It seems my heart is not quite ready for the day. Traditionally, this day is all about celebrating all the blessings that we have, and being thankful for all that the past year has brought us. And, that is where the problem comes in for me. I am finding it difficult to be thankful for the past year. When I look back at the past year, what I feel the most is not gratefulness at what we have harvested from this year, but rather a deep sadness at what we have lost. Today as we go about our celebrations, there will be two empty chairs at my table. Two chairs that should be filled with giggling boys and spilled drinks; filled with silly jokes, shared memories, and way too many sweets. Instead, what I will feel is their absence, and no matter how hard I try, I just cannot be thankful for that.
Oh, I know I am not the only one with empty chairs at my table. I guess that is what prompted me to write this blog. Many of us have suffered the loss of a loved one since last Thanksgiving. Maybe not in the same way as my family, but loss is loss. So as I wrestle with these emotions, I am not alone.
You probably know the history of this holiday but let's take a peek back and see if we can learn anything new. Thanksgiving was first celebrated back in 1621. The Pilgrims had just harvested their first successful crop of corn and their leader, William Bradford, was pumped! He sends out a group of hunters so that they can add some meat to their party, and he even extends an invite to the Wampanoag Indians. They had so much to be thankful for that their feast lasted 3 whole days.
Three days...I am struggling to keep it together for just one day. But that is different, they had A LOT to be thankful for so it was easier for them, right? Well- not exactly. You see, the Pilgrims had come to the New World with great hopes and dreams. Hopes for a new life free of religious persecution. Dreams of settling in and making a name for themselves with all the unknown possibilities just waiting to be claimed. What they got instead was a whole lot of hardship. The passage over was rougher than they had expected, lives were lost and hopes were fading. Once they reached the new land the flames of their dreams began to burn again, but the smoke of sadness still hung over them. By the time they harvested their first crops of corn and were making preparations for their Thanksgiving, less than half of the newcomers were still alive to celebrate. There were a few empty seats at their table.

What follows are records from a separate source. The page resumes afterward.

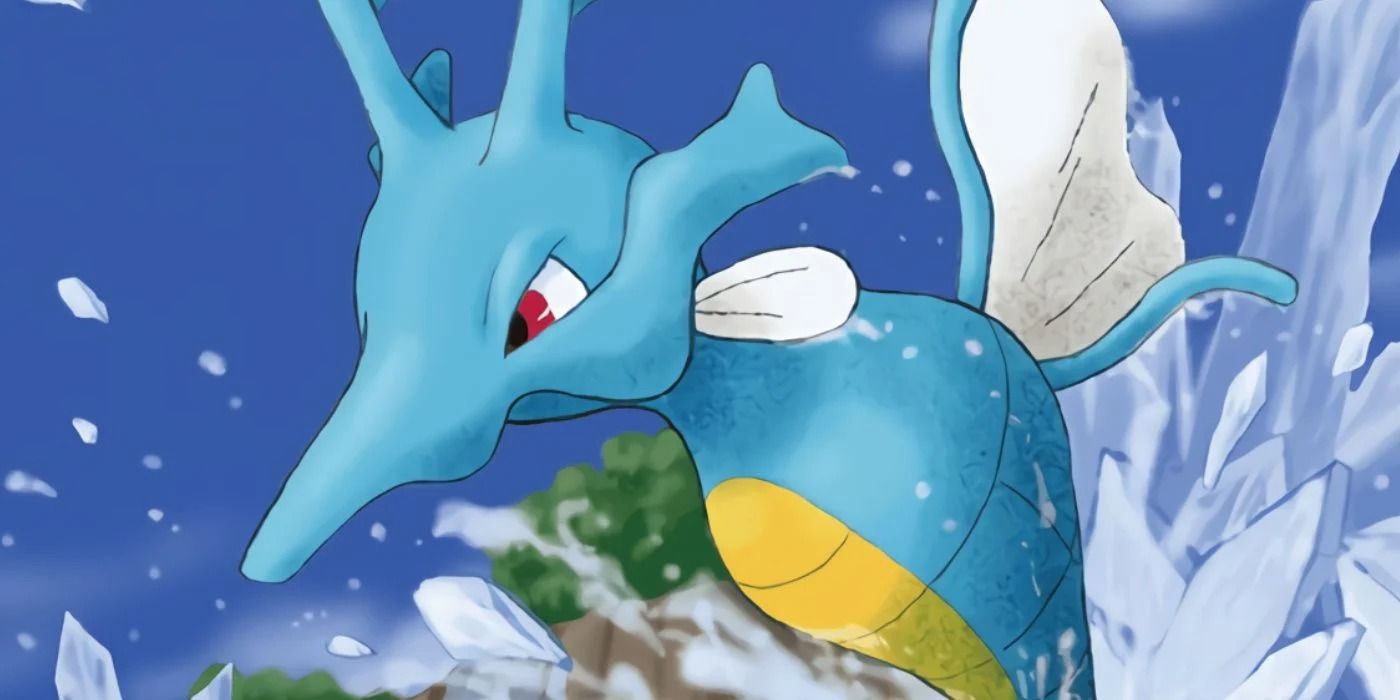 Kingdra emerges from the water with a dramatic splash in Pokemon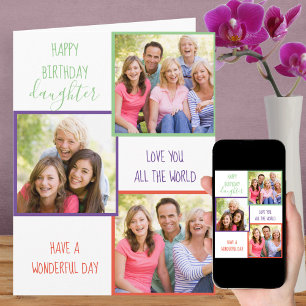 Daughter 3 Photo Collage Personalized Birthday Card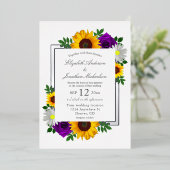 Invitation En Aluminium Sunflower Rose Daisy Automne Floral Mariage (Debout devant)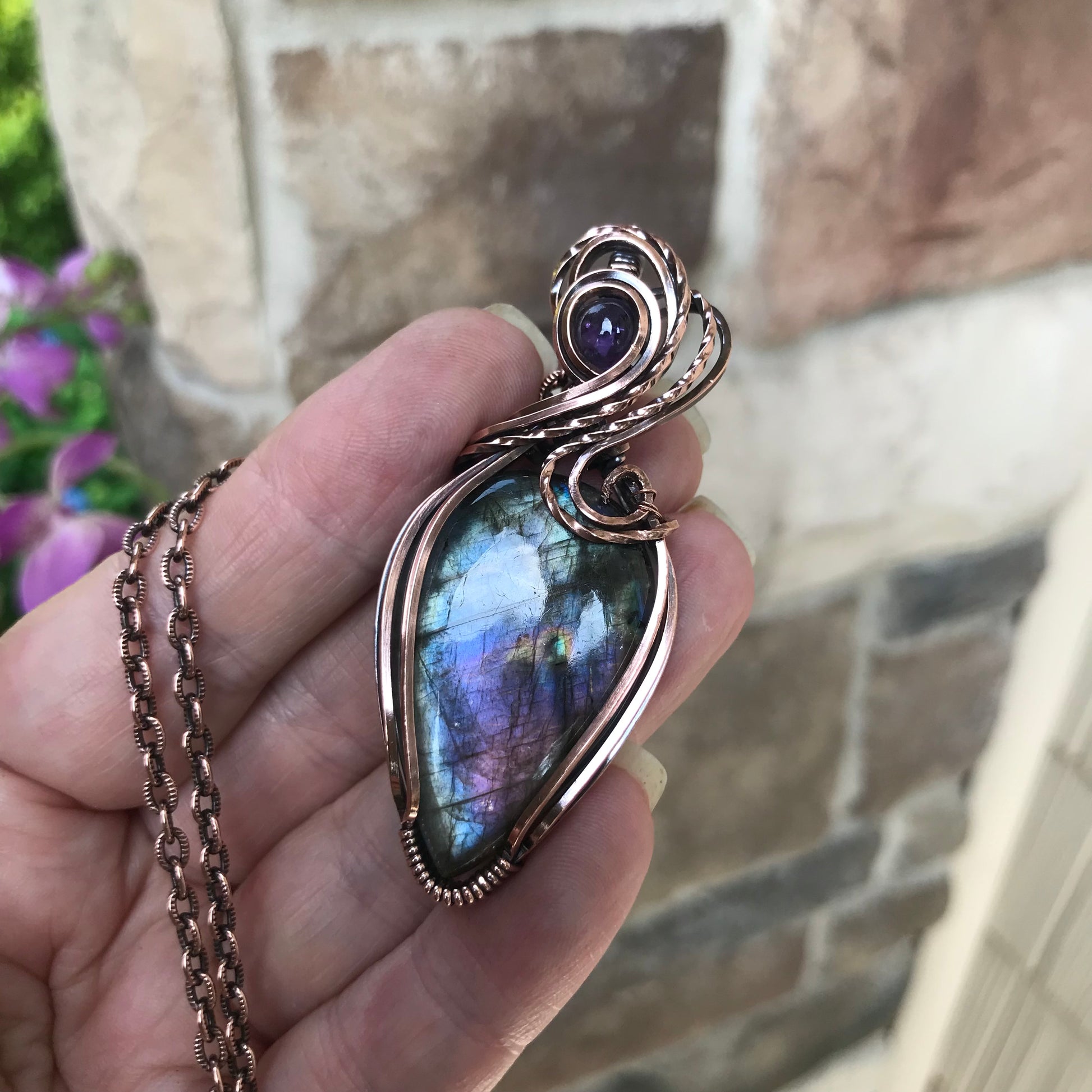 Blue Purple Labradorite & Amethyst Large Copper Pendant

For three days they feasted and took time to count their blessings. God had provided them with a cornucopia (I have always wanted to use this word!) of things to be thankful for. And they were thankful ~DESPITE~ the losses they had suffered. Yes, their hearts were heavy as they thought of all of those empty chairs. Life had not turned out the way they had hoped and dreamed it would. However, those that celebrated were alive, they had food to eat and a place to sleep. These might seem like small things but these are the things they were not taking for granted.
Perhaps this is what I am missing as I face this day, a peace in remembering all that I do have to be thankful for. I have a very full table this Thanksgiving, there will be giggling and spilled drinks, silly jokes, shared memories, and way too many sweets. Yes, there will be some sadness as well but I think the biggest thing I must remember is what the Pilgrims surely knew. Words of wisdom from my favorite author...
Everything? Yes, in everything the Pilgrims gave thanks. In the things that had been lost, in the things that had been found, in the new and for the old, they gave thanks. So, I will take notes from my Pilgrim friends and set my heart on counting my blessings rather than my burdens today. Will you join me?